- Task statement
Type out each entry exactly as it appears, but keep every image out.

- Raw data
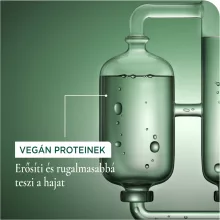 Matrix Biolage Strength Recovery Regeneráló Permet 250ml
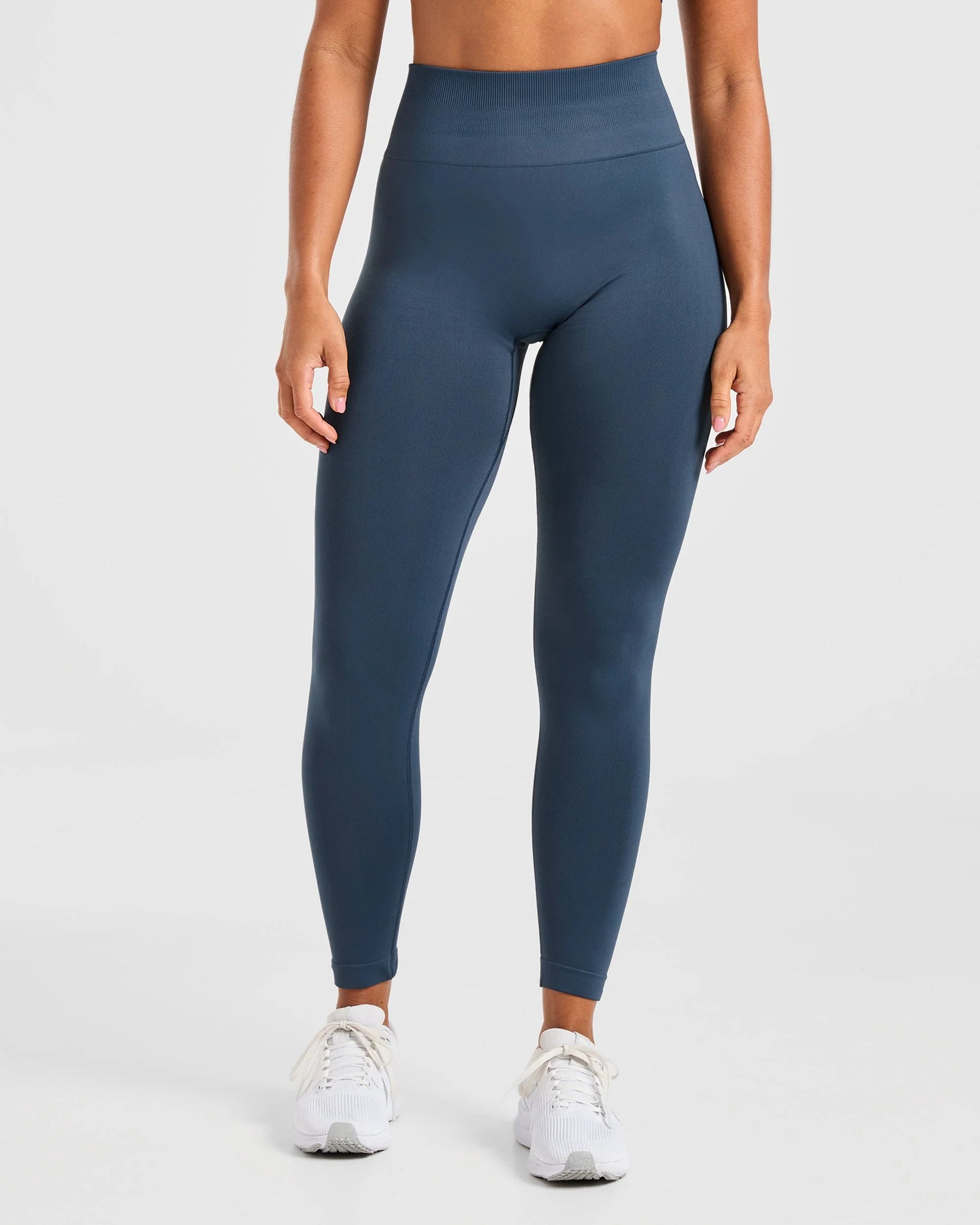 AYBL > Power Seamless Leggings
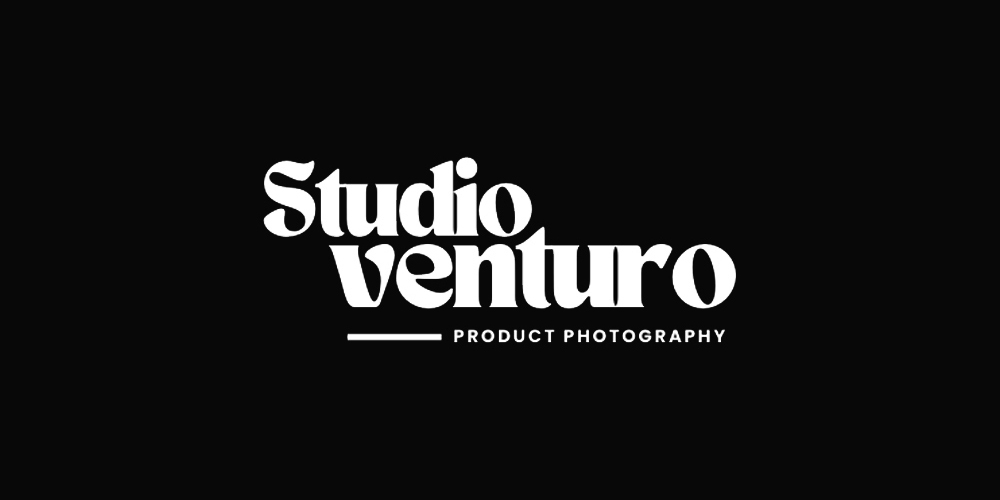 Studio Venturo
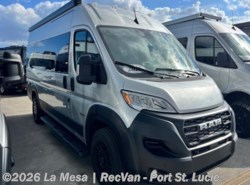 New 2026 Jayco Swift 20T available in Port St. Lucie, Florida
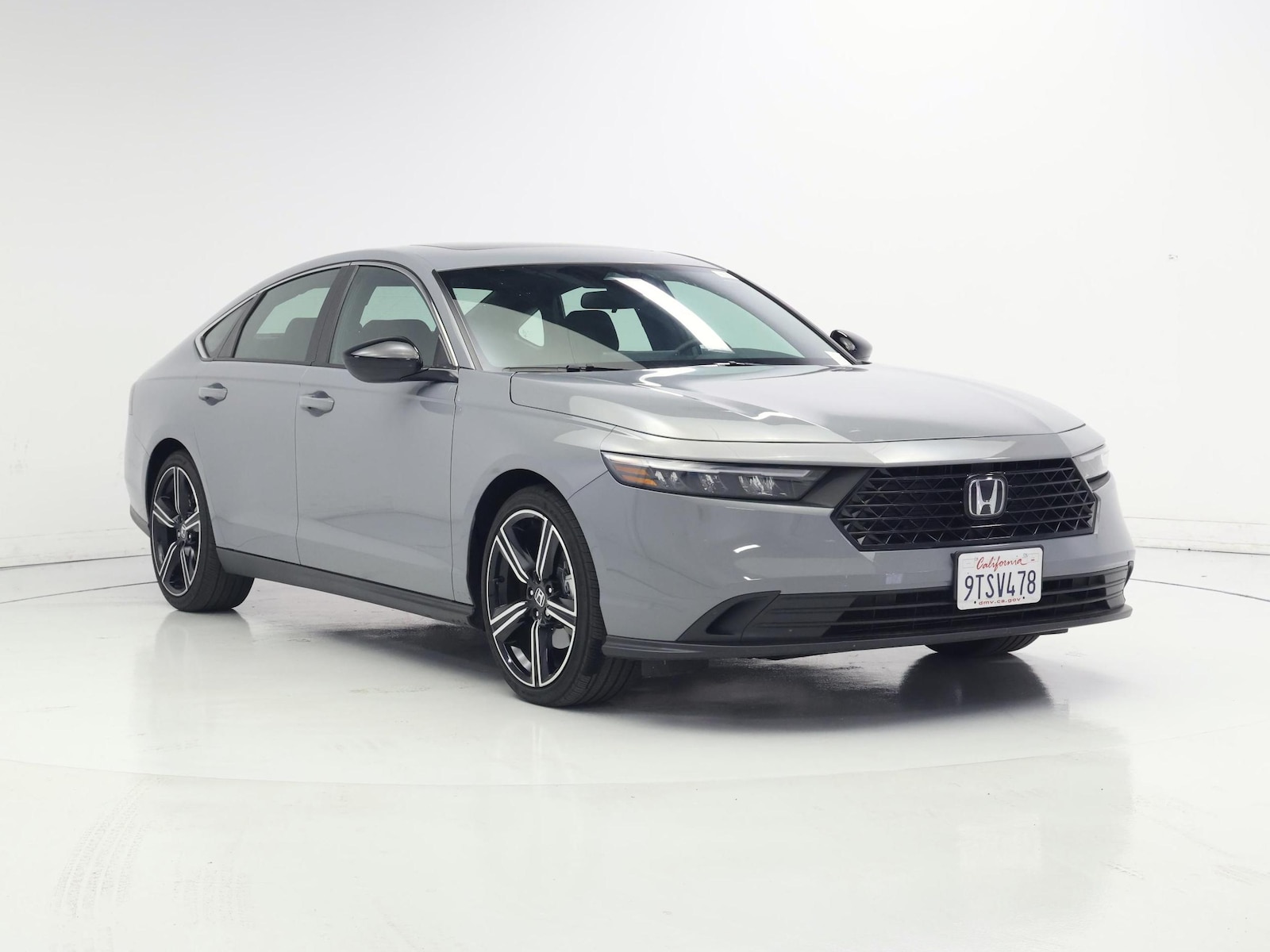 honda accord 2025 1HGCY2F53SA047896 image honda accord 2025 1HGCY2F53SA047896 image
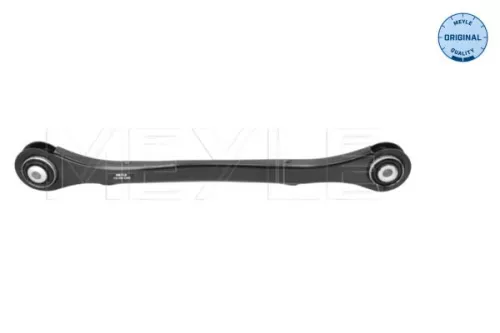 MEYLE MEYLE 116 050 0280 Meyle Rear Right Control / Trailing Arm For Audi A4 A4 Allroad A5 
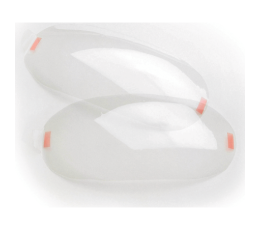 SR 353 Protective Film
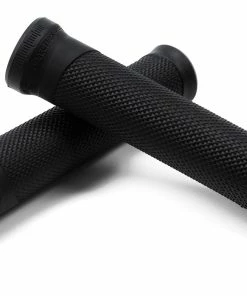 ACID REACT Poignées -Accessoires Vélo Soldes ACID REACT Griffe 11316 b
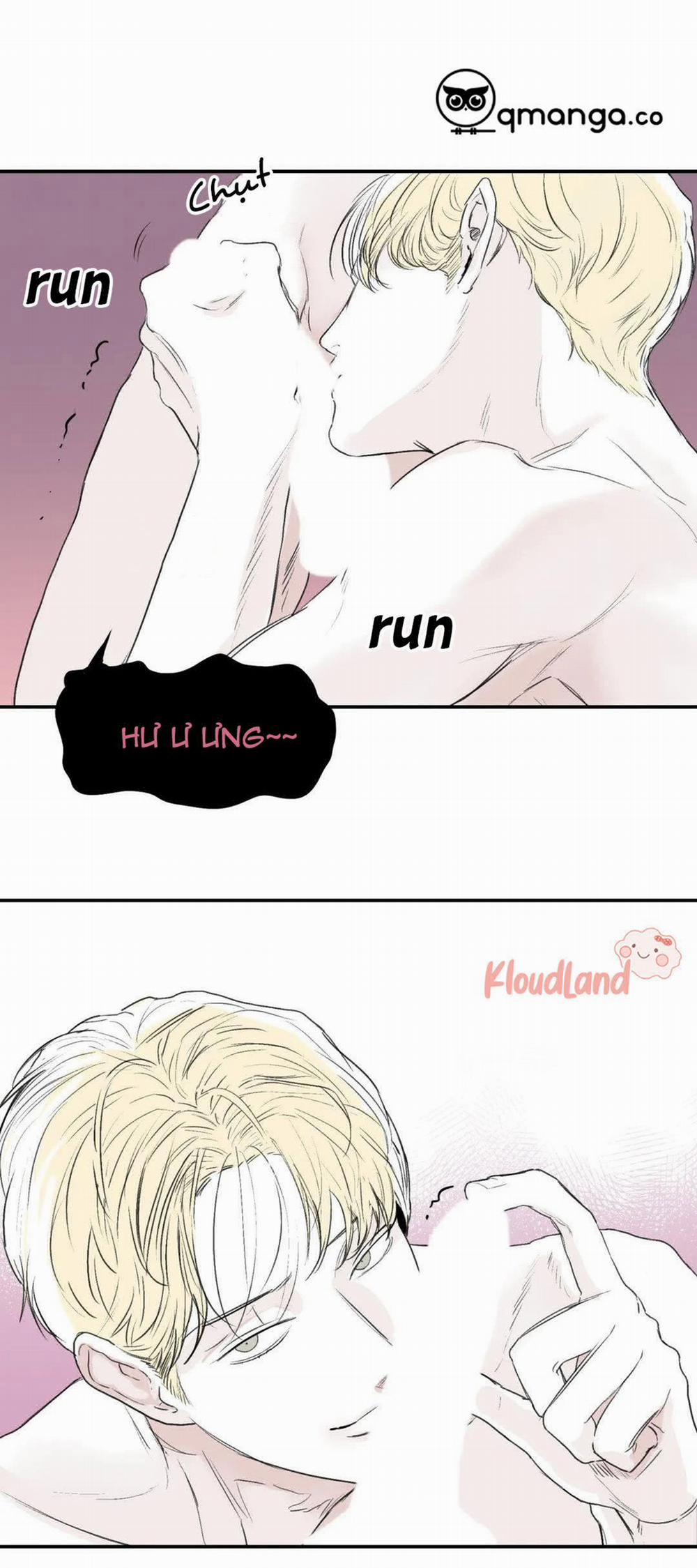 Các Bậc Tiền Bối 5 trang 19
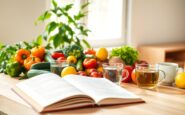estrategias efectivas para prevenir la infeccion por helicobacter pylori en tu vida diaria 1767122963
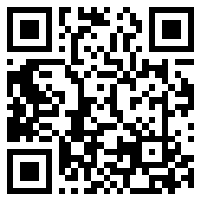 QR Code for dash:XxaQ4RTJRfyWrdeokzuSihAEXXMBtQY88J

- Written answer
 Matrix Biolage Strength Recovery Regeneráló Permet 250ml
 AYBL > Power Seamless Leggings
 Studio Venturo
 New 2026 Jayco Swift 20T available in Port St. Lucie, Florida
 honda accord 2025 1HGCY2F53SA047896 image honda accord 2025 1HGCY2F53SA047896 image
 MEYLE MEYLE 116 050 0280 Meyle Rear Right Control / Trailing Arm For Audi A4 A4 Allroad A5 
 SR 353 Protective Film
 ACID REACT Poignées -Accessoires Vélo Soldes ACID REACT Griffe 11316 b
 Các Bậc Tiền Bối 5 trang 19
estrategias efectivas para prevenir la infeccion por helicobacter pylori en tu vida diaria 1767122963
 QR Code for dash:XxaQ4RTJRfyWrdeokzuSihAEXXMBtQY88J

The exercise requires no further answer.